→ **TASK ITEM**
Return the listing in full and exactly, but without a single picture.

START SUPPLIED DATA

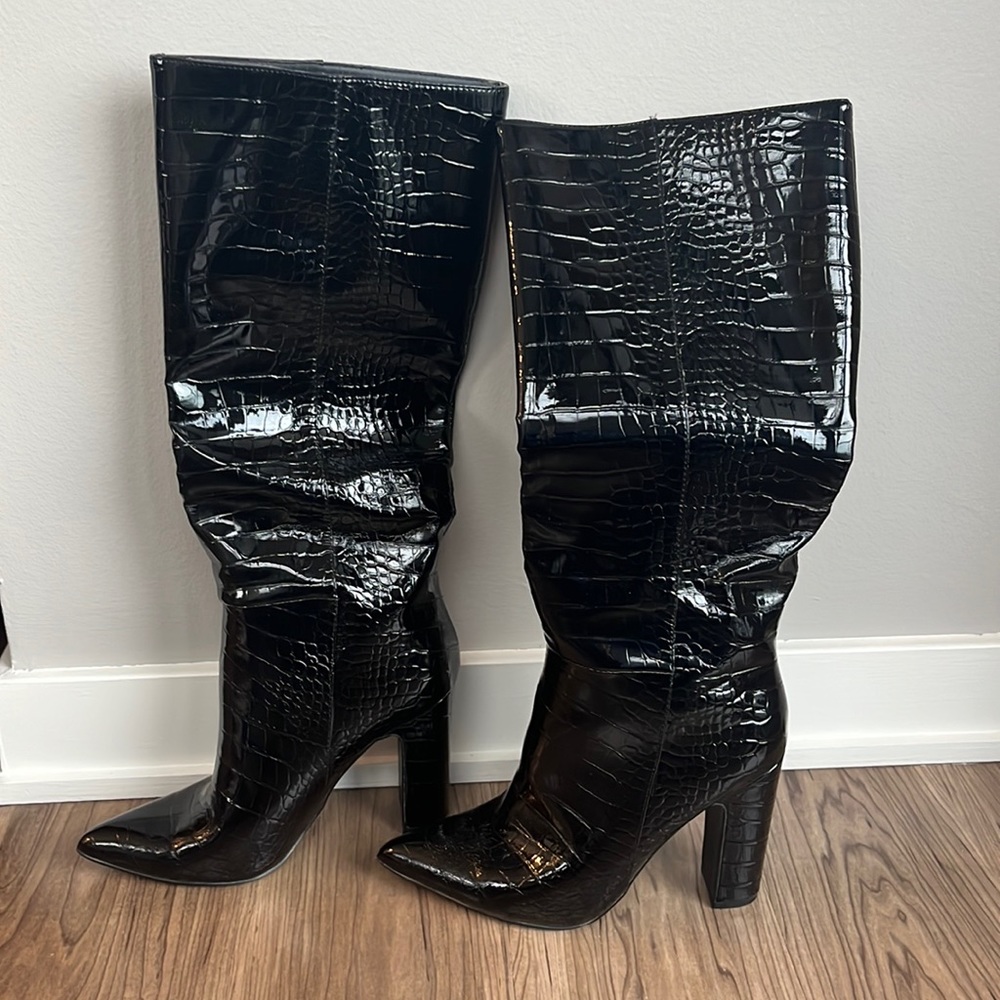 Women’s croc embossed pointed tow boots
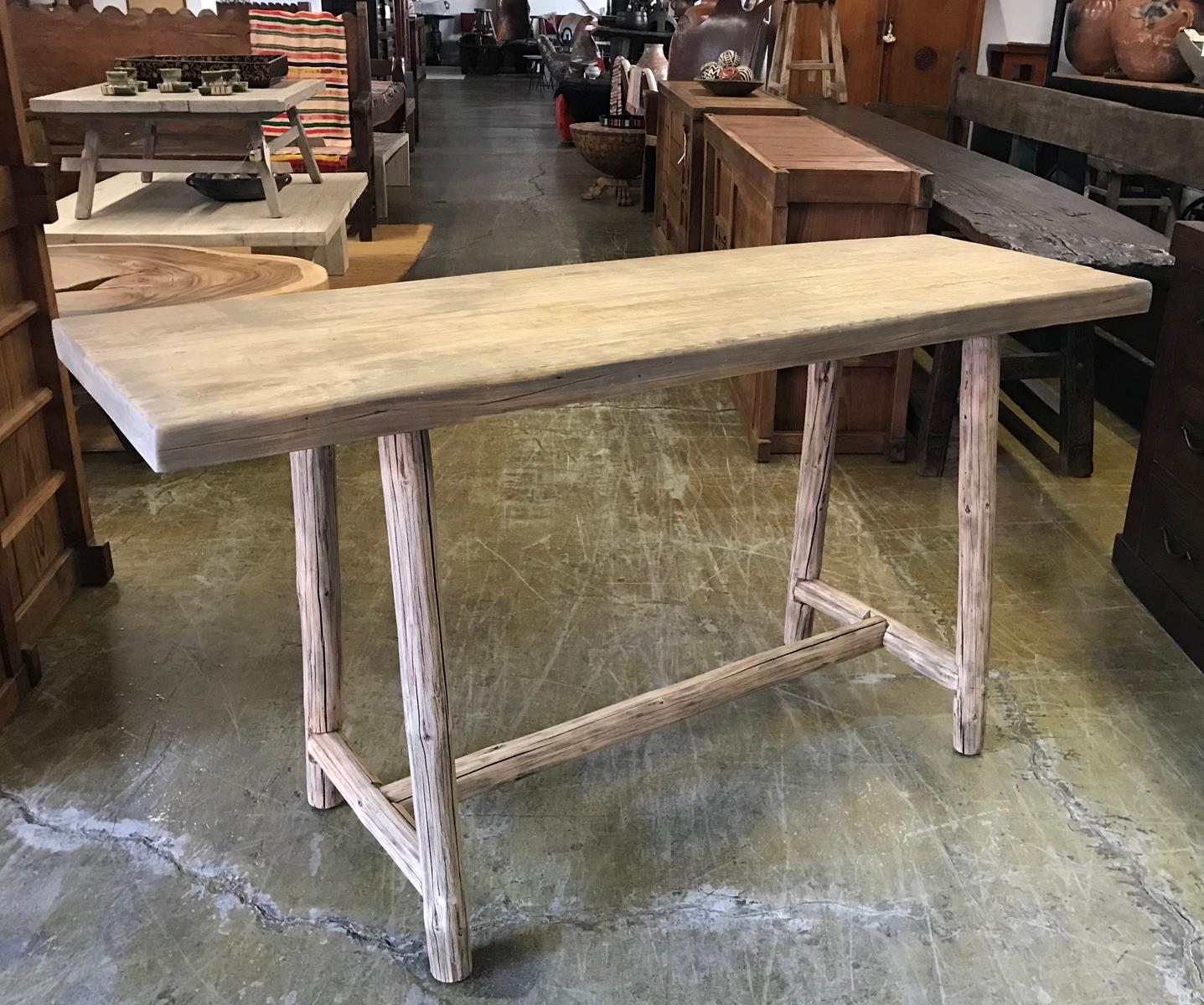 Madera vintage construida recientemente en forma de consola con patas redondas y camillas. La madera tiene un acabado de madera blanqueada. ¡Muy suave al tacto! Rústico pero muy moderno, ¡perfecto para la casa de la playa!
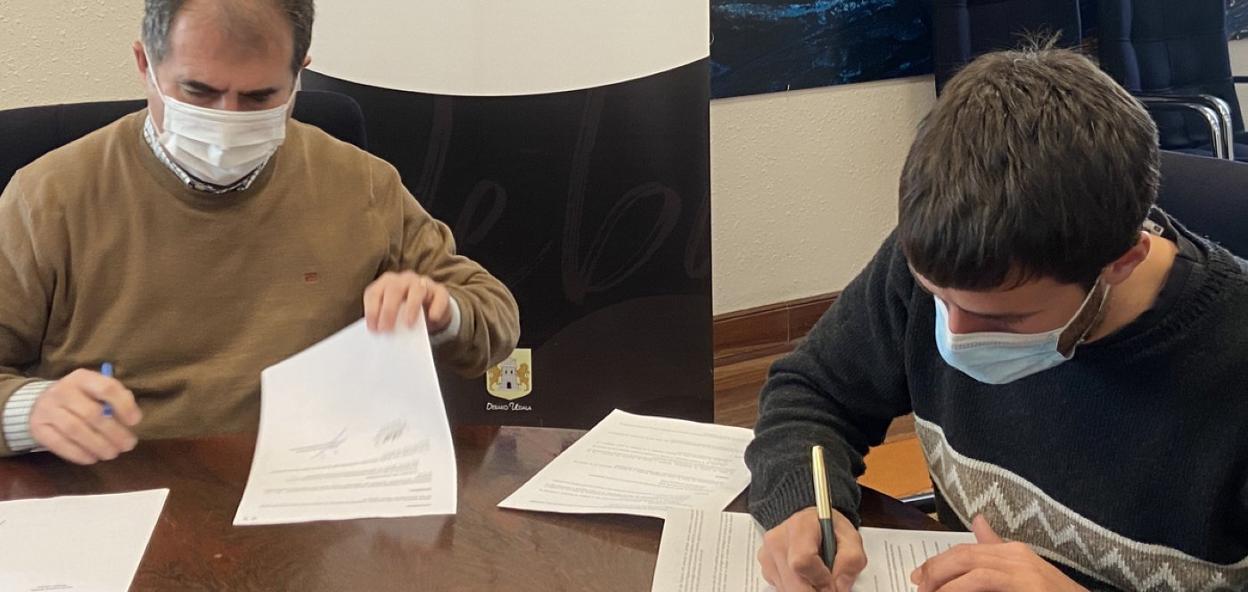 Momento de la firma del convenio entre el Ayuntamiento y la Fundación Alzheimer. 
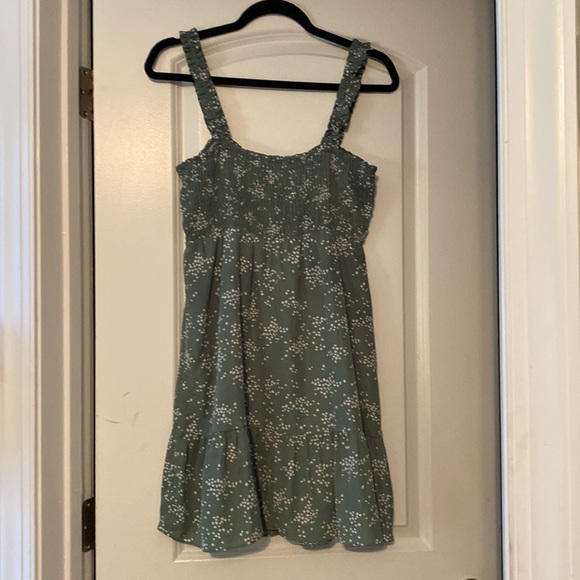 Dress - Picture 4 of 5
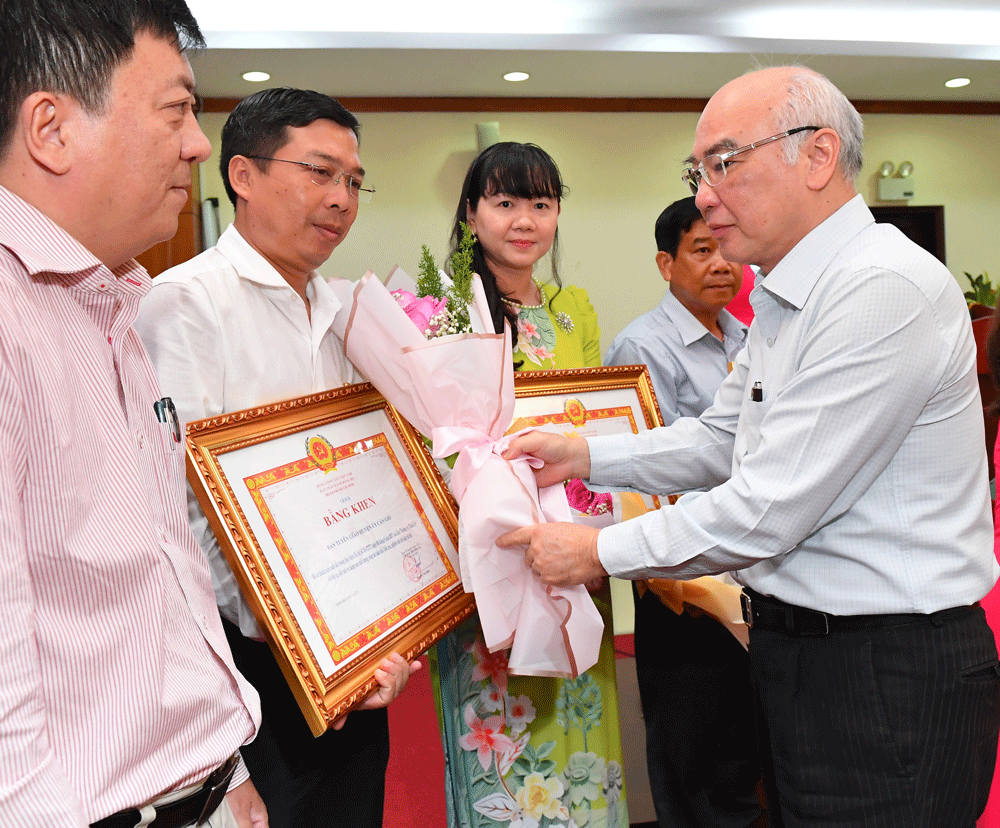 Trưởng ban Tuyên giáo Thành ủy Phan Nguyễn Như Khuê trao tặng bằng khen cho các đơn vị. Ảnh: VIỆT DŨNG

END SUPPLIED DATA

→ **WRITTEN RESPONSE**
 Women’s croc embossed pointed tow boots
 Madera vintage construida recientemente en forma de consola con patas redondas y camillas. La madera tiene un acabado de madera blanqueada. ¡Muy suave al tacto! Rústico pero muy moderno, ¡perfecto para la casa de la playa!
 Momento de la firma del convenio entre el Ayuntamiento y la Fundación Alzheimer. 
 Dress - Picture 4 of 5
 Trưởng ban Tuyên giáo Thành ủy Phan Nguyễn Như Khuê trao tặng bằng khen cho các đơn vị. Ảnh: VIỆT DŨNG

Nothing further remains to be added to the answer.